- _What to do_
How many separate lines of the data contain "Cotton"? Give the count and nothing else.

- _Dataset extract_
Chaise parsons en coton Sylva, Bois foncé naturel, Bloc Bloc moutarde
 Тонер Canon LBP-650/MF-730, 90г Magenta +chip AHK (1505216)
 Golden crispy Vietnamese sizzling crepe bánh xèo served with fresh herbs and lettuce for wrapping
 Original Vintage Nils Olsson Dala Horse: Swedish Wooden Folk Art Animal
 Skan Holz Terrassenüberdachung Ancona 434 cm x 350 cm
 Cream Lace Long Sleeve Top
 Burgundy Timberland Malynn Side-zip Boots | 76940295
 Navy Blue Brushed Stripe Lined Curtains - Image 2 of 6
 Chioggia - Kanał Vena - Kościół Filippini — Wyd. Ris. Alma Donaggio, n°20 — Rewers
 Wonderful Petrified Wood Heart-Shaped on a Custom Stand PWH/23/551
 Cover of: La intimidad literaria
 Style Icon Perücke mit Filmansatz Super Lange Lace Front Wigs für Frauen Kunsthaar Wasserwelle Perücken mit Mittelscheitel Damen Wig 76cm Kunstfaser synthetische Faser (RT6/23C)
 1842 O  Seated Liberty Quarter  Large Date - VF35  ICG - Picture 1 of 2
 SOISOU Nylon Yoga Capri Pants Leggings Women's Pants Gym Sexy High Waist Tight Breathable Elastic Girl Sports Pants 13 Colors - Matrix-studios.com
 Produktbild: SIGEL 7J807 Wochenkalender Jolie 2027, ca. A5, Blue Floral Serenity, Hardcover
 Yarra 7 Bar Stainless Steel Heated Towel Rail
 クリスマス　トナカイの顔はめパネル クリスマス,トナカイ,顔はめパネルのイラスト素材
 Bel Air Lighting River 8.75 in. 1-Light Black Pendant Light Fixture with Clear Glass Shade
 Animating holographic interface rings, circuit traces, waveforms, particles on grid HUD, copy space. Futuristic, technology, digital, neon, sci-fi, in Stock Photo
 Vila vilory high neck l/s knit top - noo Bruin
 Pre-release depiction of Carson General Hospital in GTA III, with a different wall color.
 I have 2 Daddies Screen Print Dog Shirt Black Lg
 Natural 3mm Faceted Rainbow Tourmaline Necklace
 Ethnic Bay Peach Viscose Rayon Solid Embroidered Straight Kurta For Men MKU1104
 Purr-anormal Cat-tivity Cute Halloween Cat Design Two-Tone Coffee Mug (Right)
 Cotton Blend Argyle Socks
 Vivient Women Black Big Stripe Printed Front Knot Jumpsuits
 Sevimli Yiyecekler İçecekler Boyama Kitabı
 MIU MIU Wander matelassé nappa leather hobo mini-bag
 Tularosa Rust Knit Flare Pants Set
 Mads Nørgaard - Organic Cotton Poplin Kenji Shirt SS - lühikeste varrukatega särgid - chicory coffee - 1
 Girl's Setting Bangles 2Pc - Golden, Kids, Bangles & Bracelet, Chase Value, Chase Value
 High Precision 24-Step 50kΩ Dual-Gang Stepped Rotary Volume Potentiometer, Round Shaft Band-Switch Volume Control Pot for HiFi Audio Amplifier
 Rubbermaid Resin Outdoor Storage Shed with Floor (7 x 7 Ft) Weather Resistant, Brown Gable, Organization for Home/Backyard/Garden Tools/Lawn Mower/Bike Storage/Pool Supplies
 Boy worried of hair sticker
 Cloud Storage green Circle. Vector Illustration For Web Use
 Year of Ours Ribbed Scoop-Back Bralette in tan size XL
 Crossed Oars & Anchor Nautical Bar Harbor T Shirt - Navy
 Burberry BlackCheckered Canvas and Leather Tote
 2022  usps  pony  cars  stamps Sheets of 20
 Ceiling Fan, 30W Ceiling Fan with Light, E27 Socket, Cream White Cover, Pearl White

- _Task response_
2